At least one of the first gas supply ports 20 a to 20 g and 21 a to 21 g is configured to supply a gas toward the inclined surface 16 b. For example, the gas is supplied through the first gas supply port 20 a in a gas supply direction M2 to reach the inclined surface 16 b. Similarly, the gases supplied from the first gas supply ports 20 b to 20 e and 21 a to 21 e are supplied toward the inclined surface 16 b.
FIG. 2 explains installation positions of the first gas supply ports in the processing space S. As shown in FIG. 2, the first gas supply ports 20 a to 20 g are also arranged on the side surface of the processing space S along the circumferential direction. The circumferentially arranged first gas supply ports 20 a to 20 g are also connected to the respective gas supply mechanisms. The outlets of the first gas supply ports have a circular shape. When the outlets are formed in a circular shape, gas jet flow becomes stable.
The film forming apparatus 10 includes, e.g., a central gas supply unit 33 for supplying a gas from above the substrate mounting surface 17 a. The central gas supply unit 33 includes a second gas supply port 32 and a gas supply mechanism 32 b. The second gas supply port 32 extends through the ceiling portion 16 of the chamber main body 12. For example, the second gas supply port 32 is formed along the axis line M1 of the chamber main body 12. A lower end 32 a of the second gas supply port 32 protrudes below the inner top surface (the central portion 16 c). In other words, a distance L1 from the lower end 32 a of the second gas supply port 32 to the inner bottom surface 14 a is smaller than the distance L3 from the central portion 16 c to the inner bottom surface 14 a. The gas supply mechanism 32 b includes a gas source, a flow rate controller and a valve. The gas supply mechanism 32 b can supply a gas at a predetermined flow rate. As for the gas source, there may be employed a source gas of a raw material gas, a source gas of an activation gas, a source gas of a carrier gas and the like.

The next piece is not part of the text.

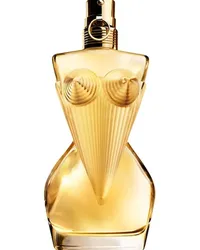 Jean Paul Gaultier Damendüfte Gaultier Divine Eau de Parfum Spray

The film forming apparatus 10 includes a gas exhaust unit for exhausting a gas from a portion above the substrate mounting surface 17 a. The gas exhaust unit includes gas exhaust ports 40, a gas exhaust path 41 and a gas exhaust pump 42. The gas exhaust ports 40 are formed at the central portion 16 c of the inner top surface of the chamber main body 12. In the example shown in FIG. 1, a plurality of gas exhaust ports 40 is formed at the central portion 16 c.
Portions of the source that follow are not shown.